DIRECTIONS:
In the material below, find the line containing "A Disaster-Class Hero" and the line containing "Billede 3 - sten". Output those two lines and all lines between them exactly, without pictures.

PROVIDED RECORDS:
■ ■ ■ ■ ■

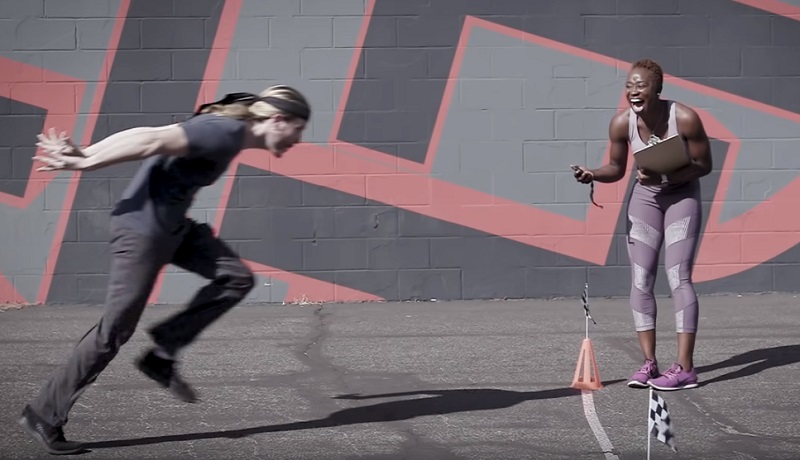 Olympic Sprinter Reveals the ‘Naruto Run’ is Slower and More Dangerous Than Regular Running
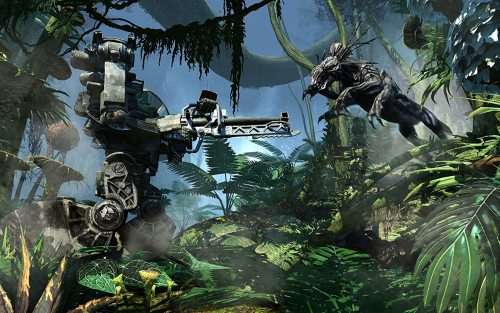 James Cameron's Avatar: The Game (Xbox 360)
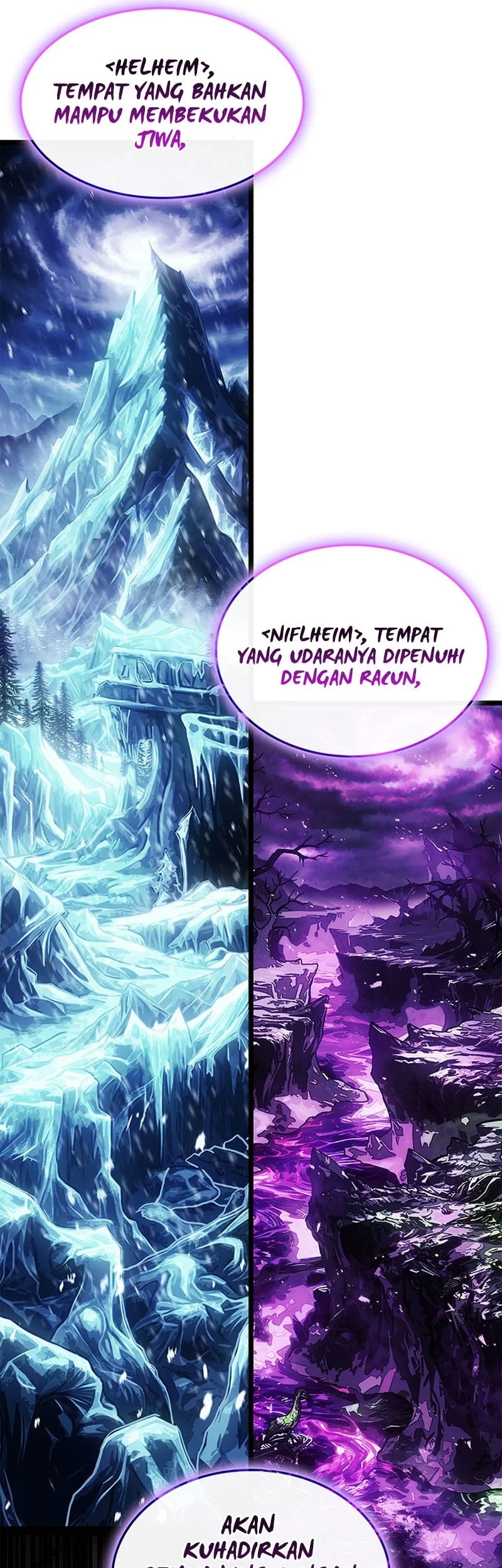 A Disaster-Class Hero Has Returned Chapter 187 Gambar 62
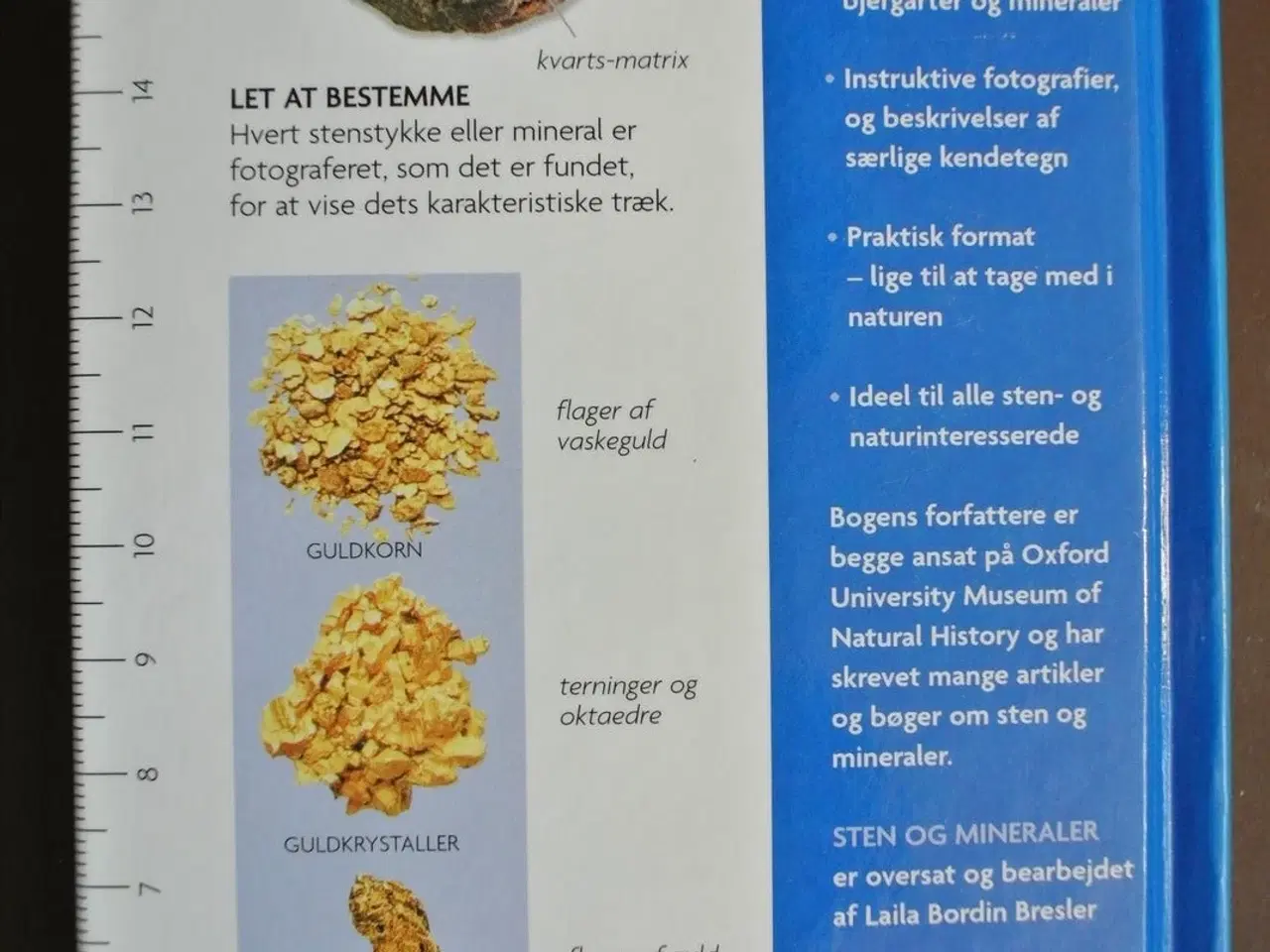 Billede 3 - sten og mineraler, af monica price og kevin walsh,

■ ■ ■ ■ ■

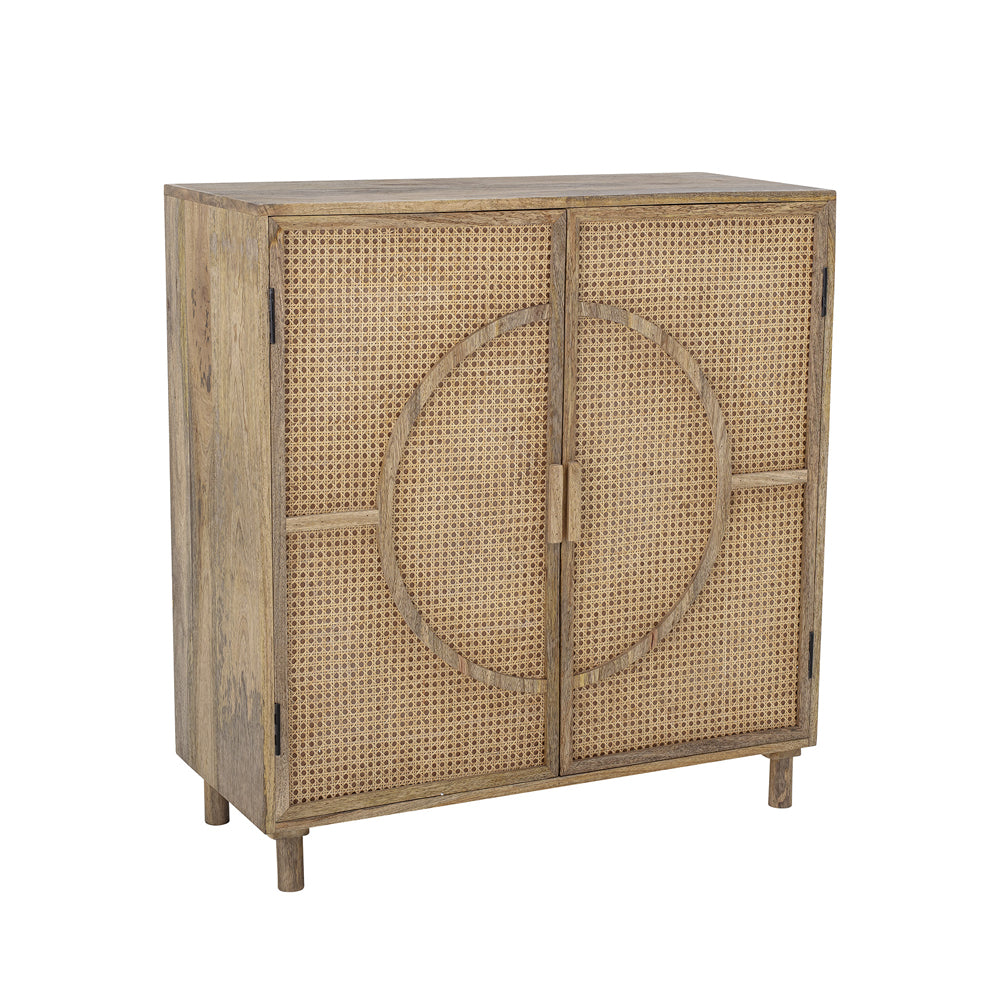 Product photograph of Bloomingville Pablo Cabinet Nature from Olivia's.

■ ■ ■ ■ ■

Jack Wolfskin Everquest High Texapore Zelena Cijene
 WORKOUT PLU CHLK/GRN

■ ■ ■ ■ ■

EXERCISE OUTPUT:
 A Disaster-Class Hero Has Returned Chapter 187 Gambar 62
 Billede 3 - sten og mineraler, af monica price og kevin walsh,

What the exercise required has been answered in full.